## How to complete this task:
Using only the entries below, output the lines starting at the one containing "Art Poster - Man" and ending at the one containing "Купить Удлинитель на", exactly and inclusive of both, omitting the pictures.
------ Material provided ------
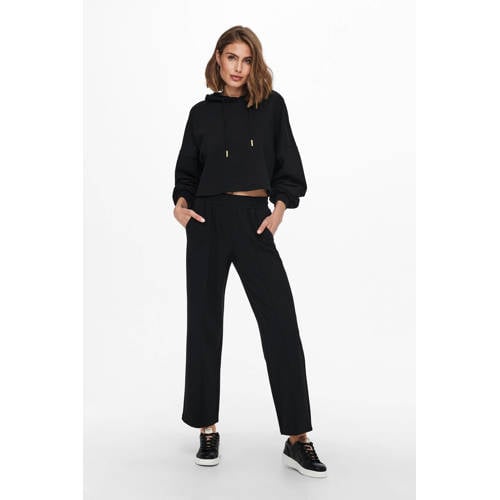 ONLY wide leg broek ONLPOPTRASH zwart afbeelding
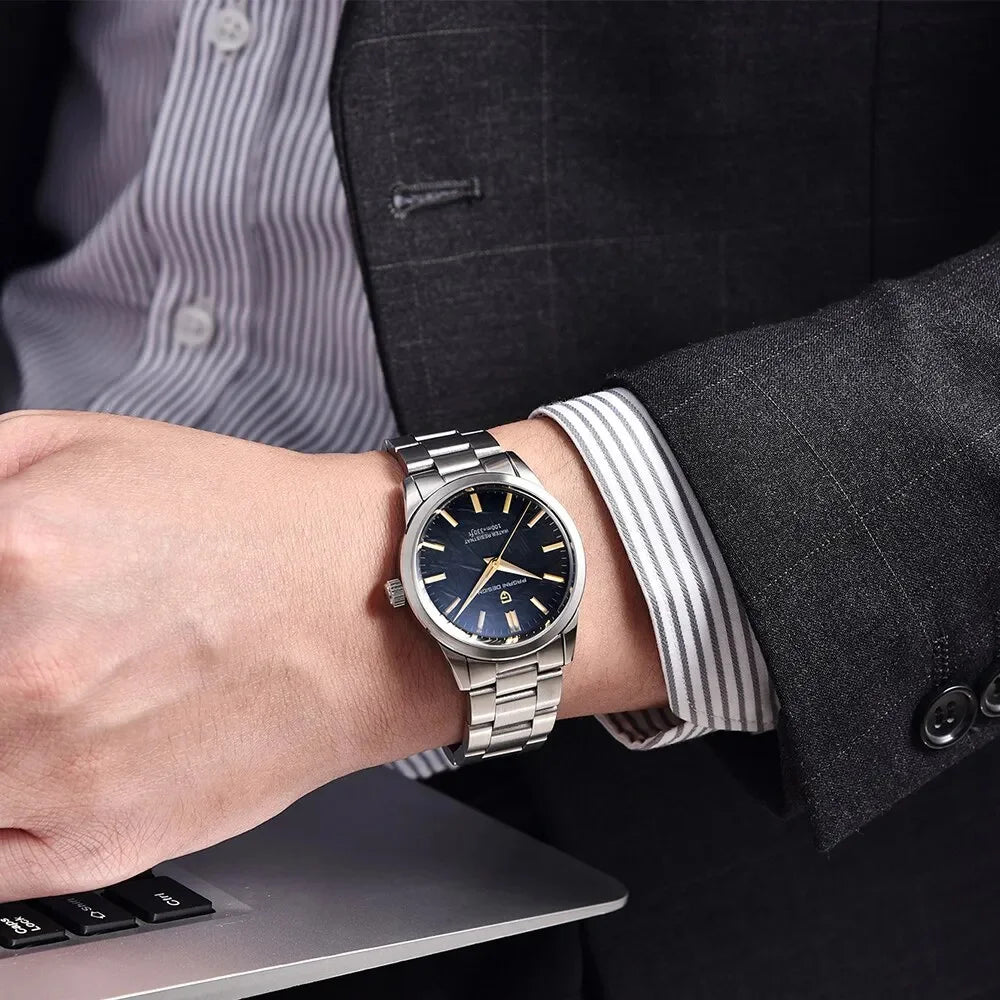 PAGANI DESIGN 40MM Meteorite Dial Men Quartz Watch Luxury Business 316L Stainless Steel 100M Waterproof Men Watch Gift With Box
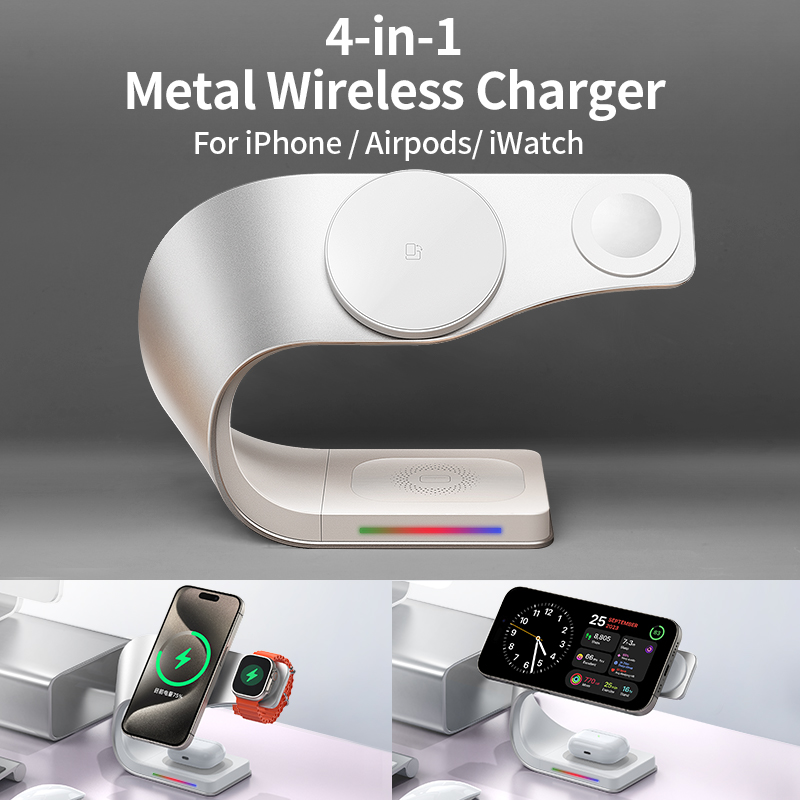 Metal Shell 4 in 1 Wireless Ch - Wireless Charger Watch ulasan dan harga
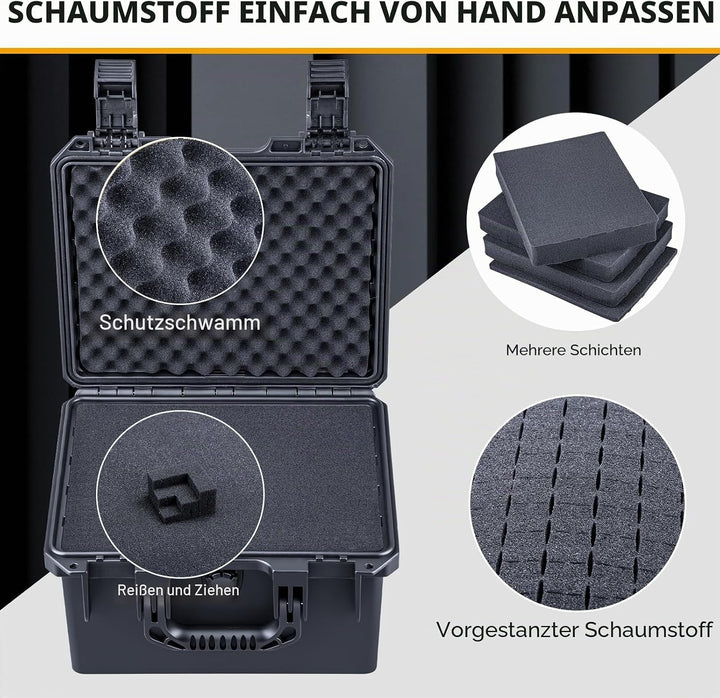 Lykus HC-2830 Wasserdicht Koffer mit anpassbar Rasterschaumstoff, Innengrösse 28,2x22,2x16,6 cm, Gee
------
------ Material provided ------
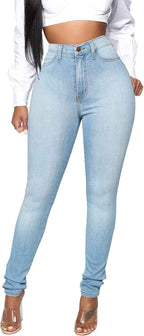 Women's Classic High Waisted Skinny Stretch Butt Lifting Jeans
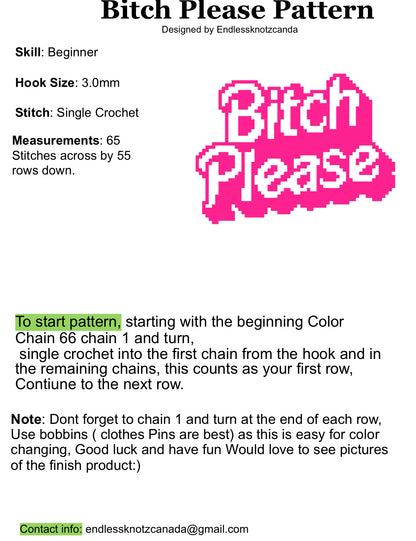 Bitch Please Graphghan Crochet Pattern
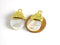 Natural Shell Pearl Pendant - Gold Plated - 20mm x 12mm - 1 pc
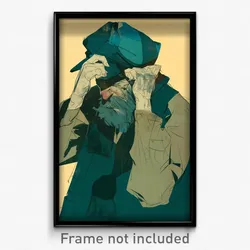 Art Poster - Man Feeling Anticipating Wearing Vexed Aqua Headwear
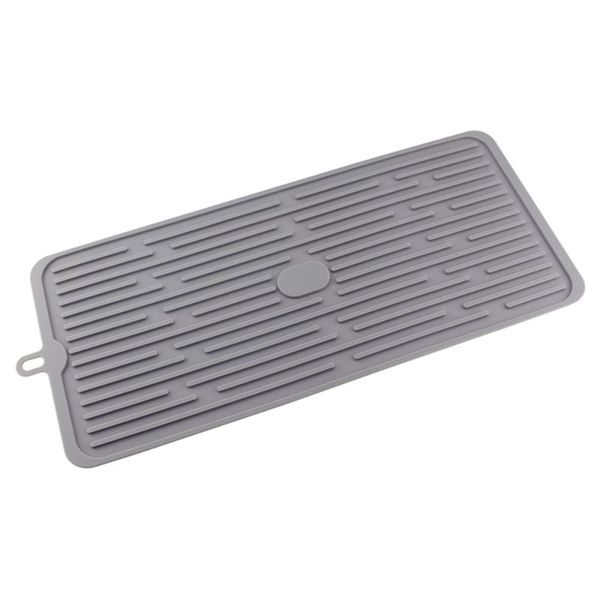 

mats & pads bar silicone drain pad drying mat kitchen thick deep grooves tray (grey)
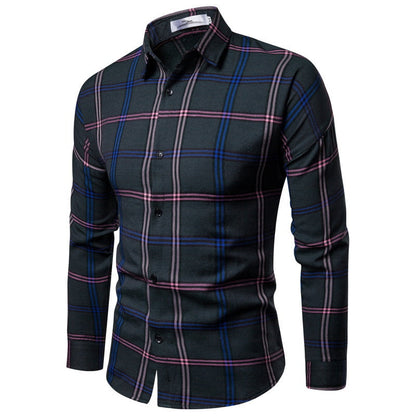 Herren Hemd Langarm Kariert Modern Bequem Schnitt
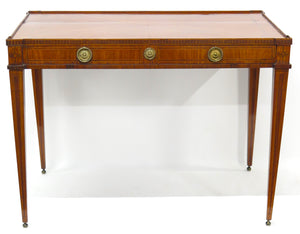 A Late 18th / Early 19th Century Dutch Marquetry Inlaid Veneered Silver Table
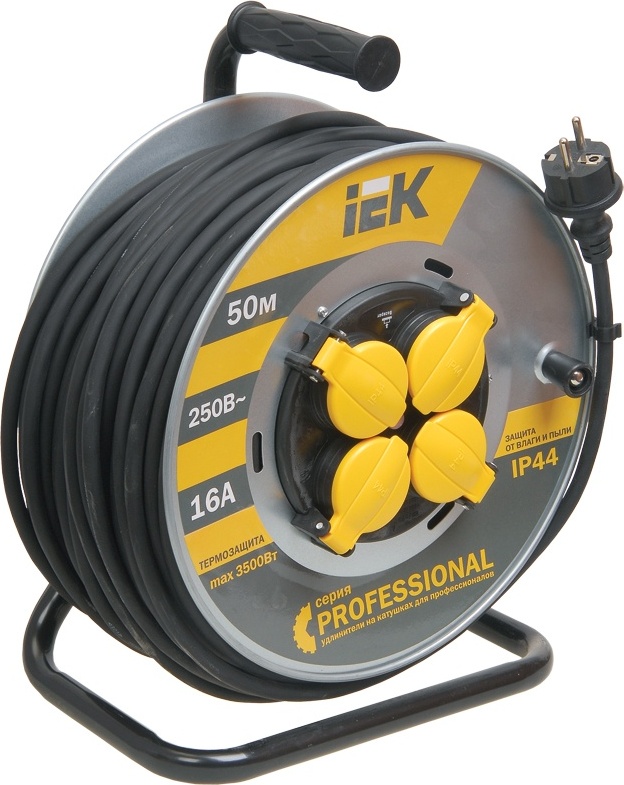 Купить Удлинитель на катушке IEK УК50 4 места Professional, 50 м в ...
------
## Exercise solution:
 Art Poster - Man Feeling Anticipating Wearing Vexed Aqua Headwear

mats & pads bar silicone drain pad drying mat kitchen thick deep grooves tray (grey)
 Herren Hemd Langarm Kariert Modern Bequem Schnitt
 A Late 18th / Early 19th Century Dutch Marquetry Inlaid Veneered Silver Table
 Купить Удлинитель на катушке IEK УК50 4 места Professional, 50 м в ...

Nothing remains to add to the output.